Вообще, недоразумение относительно глумления над народом, как кажется, происходит от того, что рецензент мой не отличает народа исторического, т. е. действующего на поприще истории, от народа, как воплотителя идеи демократизма. Первый оценивается и приобретает сочувствие по мере дел своих. Если он производит Бородавкиных и Угрюм-Бурчеевых, то о сочувствии не может быть речи; если он выказывает стремление выйти из состояния бессознательности, тогда сочувствие к нему является вполне законным, но мера этого сочувствия все-таки обусловливается мерою усилий, делаемых народом на пути к сознательности. Что же касается до «народа» в смысле второго определения, то этому народу нельзя не сочувствовать уже по тому одному, что в нем заключается начало и конец всякой индивидуальной деятельности. О каком же «народе» идет речь в «Истории одного города»?

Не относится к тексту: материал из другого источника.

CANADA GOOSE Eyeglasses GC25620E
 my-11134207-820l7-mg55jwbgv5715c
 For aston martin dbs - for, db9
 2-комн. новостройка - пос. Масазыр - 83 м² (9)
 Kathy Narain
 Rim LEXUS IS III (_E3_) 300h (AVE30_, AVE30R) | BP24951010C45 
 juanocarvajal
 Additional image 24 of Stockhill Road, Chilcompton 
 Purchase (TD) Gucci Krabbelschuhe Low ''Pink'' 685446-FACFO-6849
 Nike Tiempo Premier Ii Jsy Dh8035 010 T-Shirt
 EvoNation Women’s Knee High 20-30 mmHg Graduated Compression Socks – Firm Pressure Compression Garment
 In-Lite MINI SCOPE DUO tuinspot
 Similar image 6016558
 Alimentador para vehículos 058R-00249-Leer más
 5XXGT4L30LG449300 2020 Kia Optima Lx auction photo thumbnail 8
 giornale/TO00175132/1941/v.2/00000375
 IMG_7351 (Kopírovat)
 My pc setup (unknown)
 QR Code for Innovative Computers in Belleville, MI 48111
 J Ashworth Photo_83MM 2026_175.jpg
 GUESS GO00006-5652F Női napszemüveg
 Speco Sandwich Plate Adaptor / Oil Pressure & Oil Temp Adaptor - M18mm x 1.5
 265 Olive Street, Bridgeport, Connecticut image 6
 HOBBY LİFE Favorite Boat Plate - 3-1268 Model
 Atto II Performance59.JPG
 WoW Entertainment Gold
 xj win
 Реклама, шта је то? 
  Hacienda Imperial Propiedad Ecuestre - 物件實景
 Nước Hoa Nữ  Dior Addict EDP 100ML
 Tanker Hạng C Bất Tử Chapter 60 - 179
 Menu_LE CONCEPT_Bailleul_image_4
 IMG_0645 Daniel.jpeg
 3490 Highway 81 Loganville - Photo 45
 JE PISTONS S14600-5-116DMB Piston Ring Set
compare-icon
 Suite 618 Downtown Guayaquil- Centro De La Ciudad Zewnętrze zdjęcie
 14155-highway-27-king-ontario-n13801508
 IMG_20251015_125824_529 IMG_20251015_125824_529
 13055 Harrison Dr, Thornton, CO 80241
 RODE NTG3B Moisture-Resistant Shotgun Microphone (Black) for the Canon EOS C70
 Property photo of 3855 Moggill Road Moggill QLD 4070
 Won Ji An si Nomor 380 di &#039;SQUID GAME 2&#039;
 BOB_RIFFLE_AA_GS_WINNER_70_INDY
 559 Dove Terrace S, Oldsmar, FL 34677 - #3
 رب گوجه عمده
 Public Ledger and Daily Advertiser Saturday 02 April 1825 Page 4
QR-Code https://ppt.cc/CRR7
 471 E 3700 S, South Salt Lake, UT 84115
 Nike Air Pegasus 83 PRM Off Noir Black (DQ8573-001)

Обличив меня в глумлении над народом, г. рецензент объясняет и причину этого глумления. Эта причина – недостаток «юмора». Юмор же рецензент определяет следующим образом: он, «не жертвуя малым великому, великое низводит до малого, а малое возвышает до великого»; следовательно главные элементы этого явления суть: великодушие, доброта и сострадание. Если это определение верно, то мне действительно остается признать себя виноватым. Но я положительно утверждаю, что оно неверно и что искусство точно так же, как и наука, оценивает жизненные явления единственно по их внутренней стоимости, без всякого участия великодушия или сострадания. Если б это было не так, то произошло бы нечто изумительное. Во-первых, люди не знали бы, что в написанной художником картине действительно верно, и что смягчено, или скрыто, или прибавлено под влиянием великодушия. Во-вторых, тогда пришлось бы простирать руки не только подначальным глуповцам, но и Прыщам и Угрюм-Бурчеевым, всем говорить (как это советует мне рецензент): «придите ко мне все труждающиеся и обремененные», потому что ведь тут все обременены историей: и начальники и подначальные.